商品の返品や代金の値引きの際に発行するインボイスを「返還インボイス(適格返還請求書等)」と呼びます。
例えば。
1. 会社で商品を100万円分仕入れた。そのときに仕入先から100万円分の「インボイス」を受け取った。
2. 1.で受け取った「インボイス」をもとに、仕入先に100万円を振込で支払った。
3. 1.で仕入を行った商品に不良品が含まれていたでの、20万円分の商品を返品した。
4. 仕入先から「返還インボイス」を受け取るとともに、20万円の振込で返金を受けた。
例えば。。
1. 工事の一部を下請業者に100万円で発注し、工事の完成とともに下請業者から100万円の「インボイス」を受け取った。
2. 下請業者に発注した工事の一部に、瑕疵が見つかり工事代金の一部(20万円)の値引きを受けることになった。

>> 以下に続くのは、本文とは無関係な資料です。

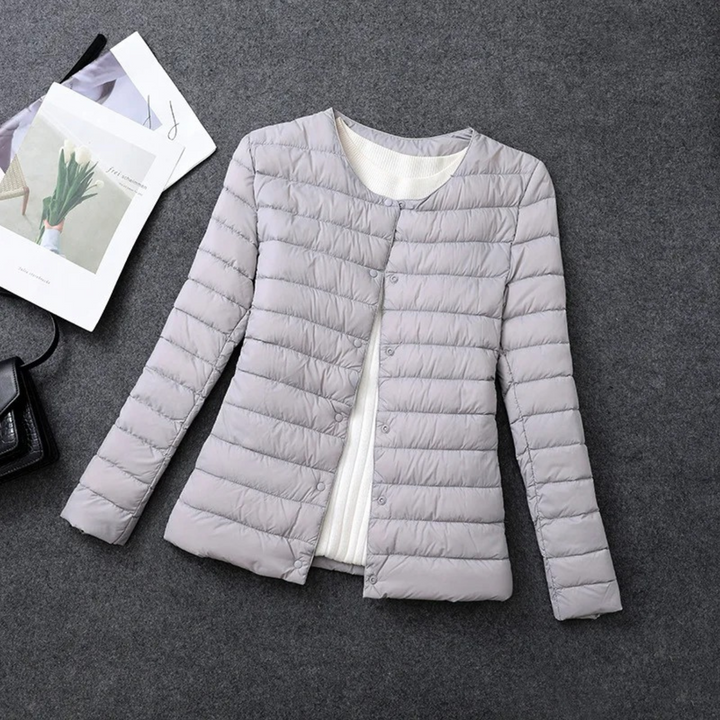 Cozy women's lightweight puffer down jacket. Essential fall & winter outerwear for everyday warmth & comfort.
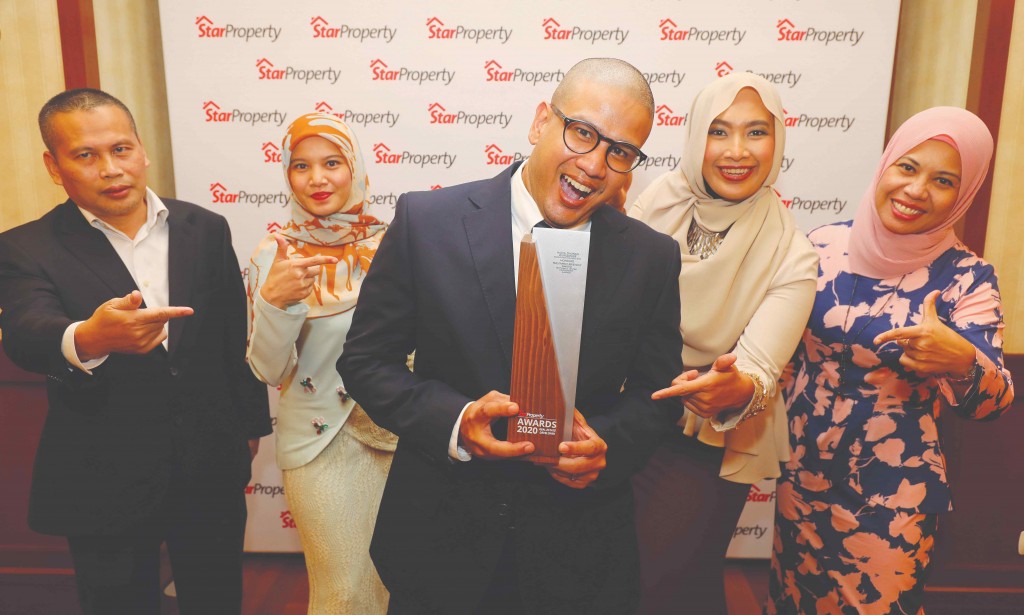 The Worldwide Holdings team celebrates after winning the award. From left are acting property general manager Azmi Ali, assistant sales manager Shiela Tajudin, sales and marketing senior manager Amirul Azhar, project manager Sharifah Farida Anum and assistant marketing manager Yusnita Yaacob.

3. 2.の値引きに基づいて、下請業者から「返還インボイス」を受け取った。
4. 1.で受け取ったインボイスと3.で受け取った「返還インボイス」の差額80万円を下請業者に振込で支払った。
返品や値引きを受ける前の「インボイス」と返品や値引きの事実を証明する「返還インボイス」の両方を保存することで、上記1.から4.の取引の流れを明確化し、正しい消費税の計算を行えるようにする必要があります。
インボイス制度は、今までの帳簿に記載した仕訳による消費税の計算から、インボイスという明確な証拠により消費税を計算しようとする制度です。
言ってしまえば、税務署は、納税者がしっかり帳簿に記載した内容よりも、「インボイス」を信じます。ということです。
「インボイス」だけでなく、「返還インボイス」の発行もしっかり管理できないと、お客様に大変な迷惑をかけてしまいます。そして、皆さんの会社やお店の信用を失うことになる大変な制度です。